709.00 is the beamline energy setpoint BEFORE the scan 
709.00 is the beamline energy setpoint AFTER  the scan 

50.25 is the average cryostat temperature or "control" temperature
30.17 is the average sample
-11.64 is the delta control temperature between start and stop of scan
-11.64 is the delta sample temperature between start and stop of scan

0.00 is the phase of the undulator that control x-ray light polarization


In [10]:
#list(tbl_b)

## Access descriptors configuration information
* There are two ways: 
    * explicit access:
        * 0 is used in `h.descriptors[0]` to access the descriptors associated iwth the `primary` stream. 
        * 1 is the `baseline` stream.
    * helper function access:
        * `h.descriptors[0].get_config()`
        * See Configuration Utilities: https://nsls-ii.github.io/databroker/v1/api.html#configuration-utilities 
        * Not avaliable yet with version of databroker on CSX servers.
* if you cannot remember on the fly, repeatedly use the `list` function until you find what you need.



In [11]:
list(h.descriptors[0])

['run_start',
 'time',
 'data_keys',
 'uid',
 'configuration',
 'name',
 'hints',
 'object_keys']

In [12]:
h = db[126365]
fccd_setup = h.descriptors[0]["configuration"]["fccd"]["data"]
print(f'{fccd_setup["fccd_cam_acquire_period"]} is the time between frames in seconds')

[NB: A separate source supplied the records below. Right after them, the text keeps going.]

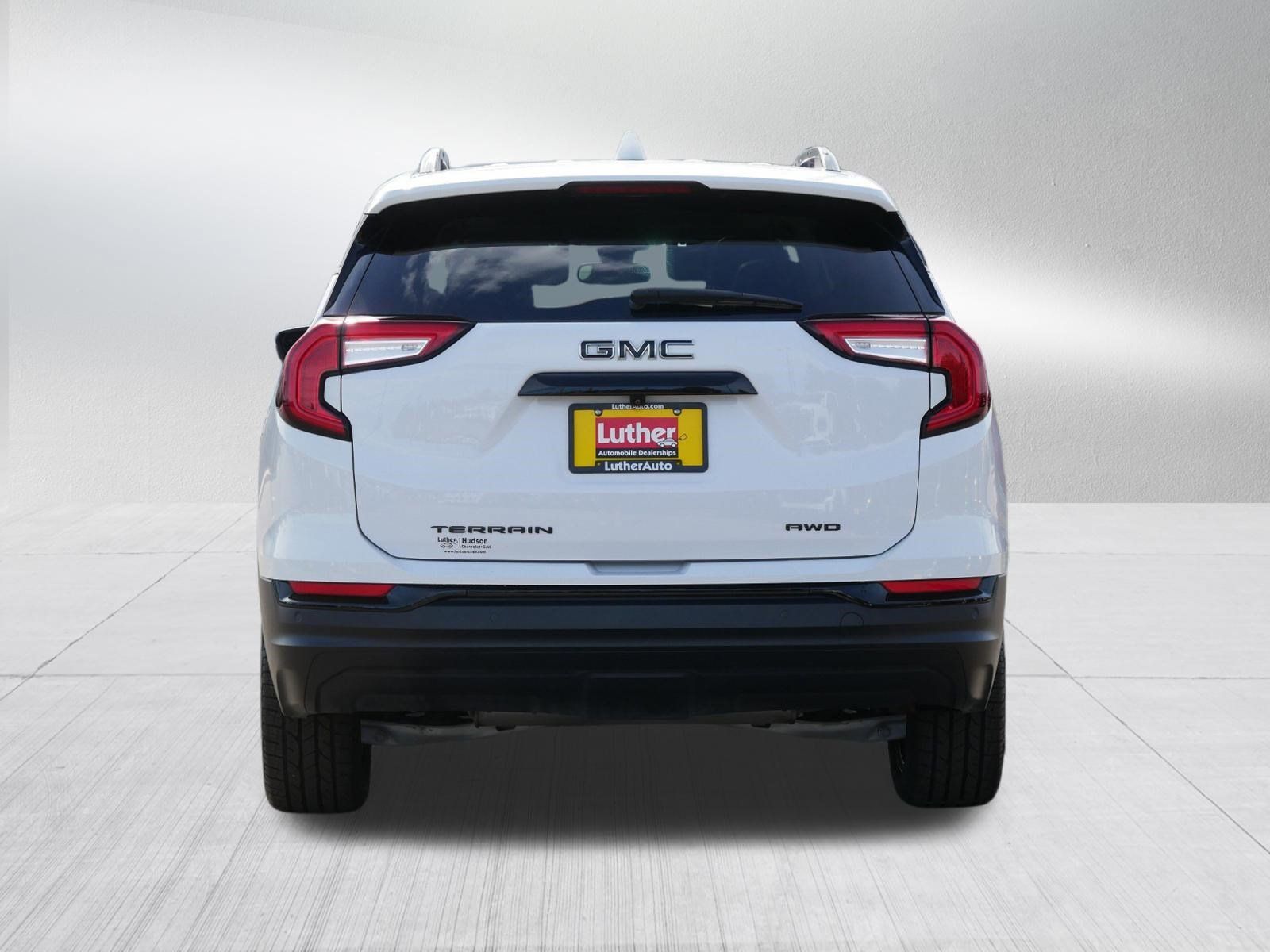 Used 2024 GMC Terrain SLT w/ Infotainment Package II AWD/4WD image 6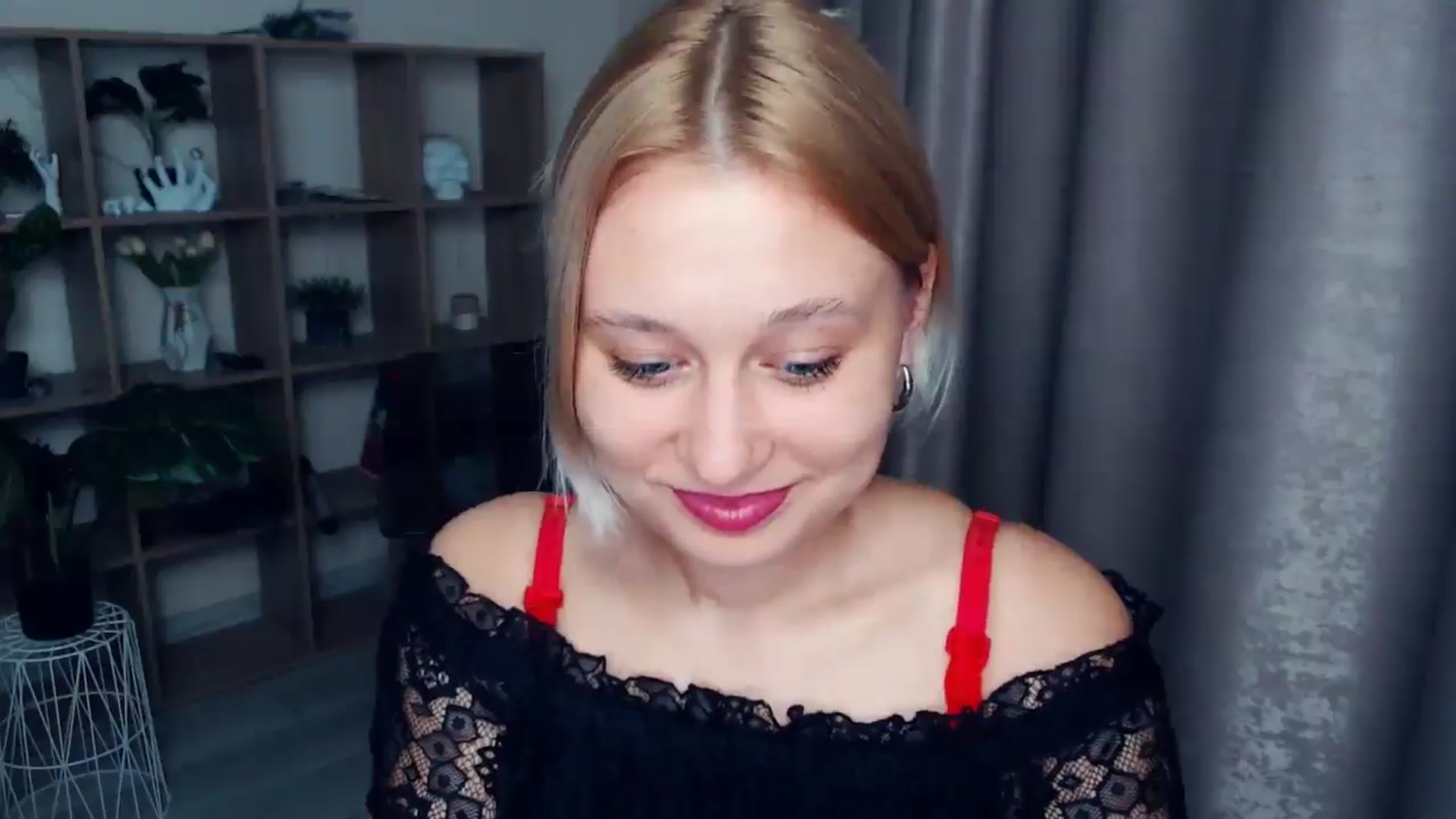 Gallery image thumbnail from Kukla_kolduna's myfreecams stream on, 03/28/2025, 18:42 image 14 of 20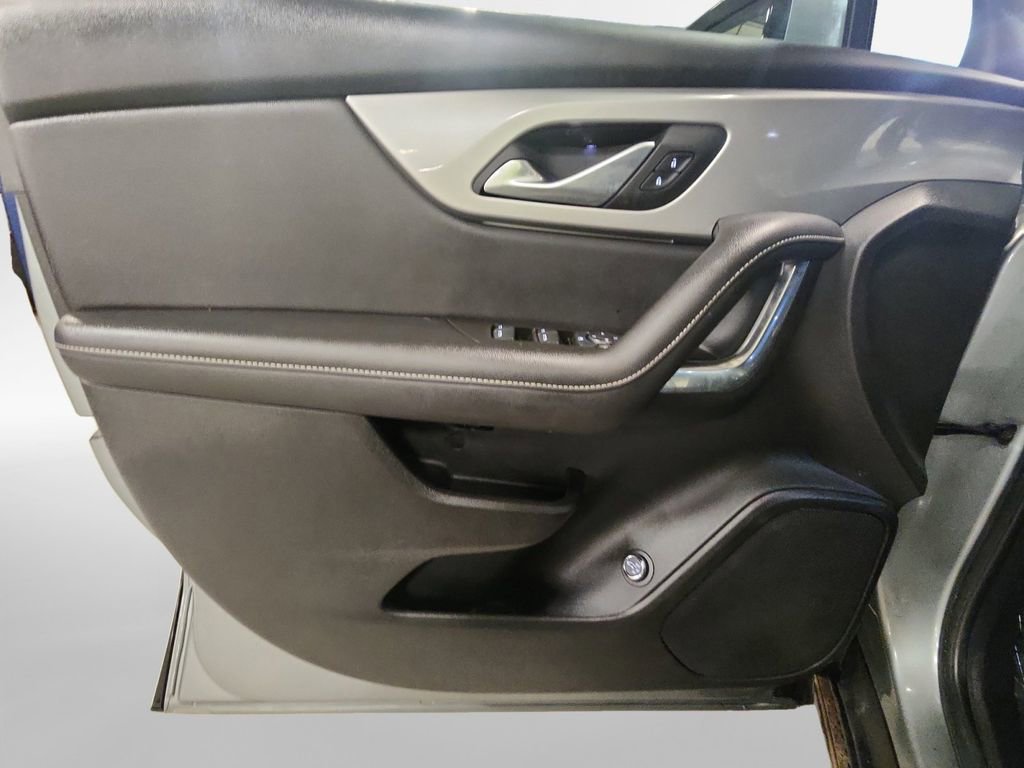 Certified 2023 Chevrolet Blazer LT w/ Convenience Package image 14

0.3375 is the time between frames in seconds


## Using recorded metadata for the CSX FastCCD (fccd) 
* `list` will show extensitve information.  
* we will highlight the most important information
    * The raw images are recorded but we can provide information on how to concatentate your image if you don't have it
    * The roi positions are referenced to the image shown at the beamline.  
    * roi5 is the entire concatanated image
    * For most data, the gain is set to `0` or **autogain**
        * which is the most sensitive setting unless 
        * in **autogain**, the fccd's internal software will decrease the gain per pixel based on counting statistics
        * note that the **"stats"** in the **primary stream** are NOT gain corrected
    * Currently, the "zero" of delta and gamma on the fccd are defined in the **start document**.  This is a reasonable approxiation.
    * The `inout` device should be inserted to create dark images.  It's stutus is found in the **baseline** data stream.

In [13]:
#list(fccd_setup)

In [14]:
print(f'{fccd_setup["fccd_cam_acquire_period"]:^6} is the time between consecutive frames for a single "point"')
print(f'{fccd_setup["fccd_cam_acquire_time"]:^6} is the time between the detector is integrating photons for a single exposure')
print(f'{fccd_setup["fccd_cam_num_images"]:^6} is the number of frames collected for a single "point"')
print()
#print(f'{fccd_setup["fccd_roi1_name_"]:^6} is name of roi1 (user configured, often empty)')
#print(f'{fccd_setup["fccd_roi1_size_x"]:^6} is horizontal (x) size  of roi1')
#print(f'{fccd_setup["fccd_roi1_size_y"]:^6} is vertical (y) size  of roi1')
#print(f'{fccd_setup["fccd_roi1_min_xyz_min_x"]:^6} is horizontal (x) start of roi1')
#print(f'{fccd_setup["fccd_roi1_min_xyz_min_y"]:^6} is vertical (y) start of roi1')
#print()
#print(f'{fccd_setup["fccd_cam_fcric_gain"]:^6} is the gain setting of the FCCD')
print()
print(f'{h["start"]["fccd_intersection"]}  is the approximate intersection of the direct beam at delta, gamma = 0, 0 = x, y')
print()
print(f'{h.table("baseline")["inout_status"][1]:^10} is the status of the beam-block to control dark or light images')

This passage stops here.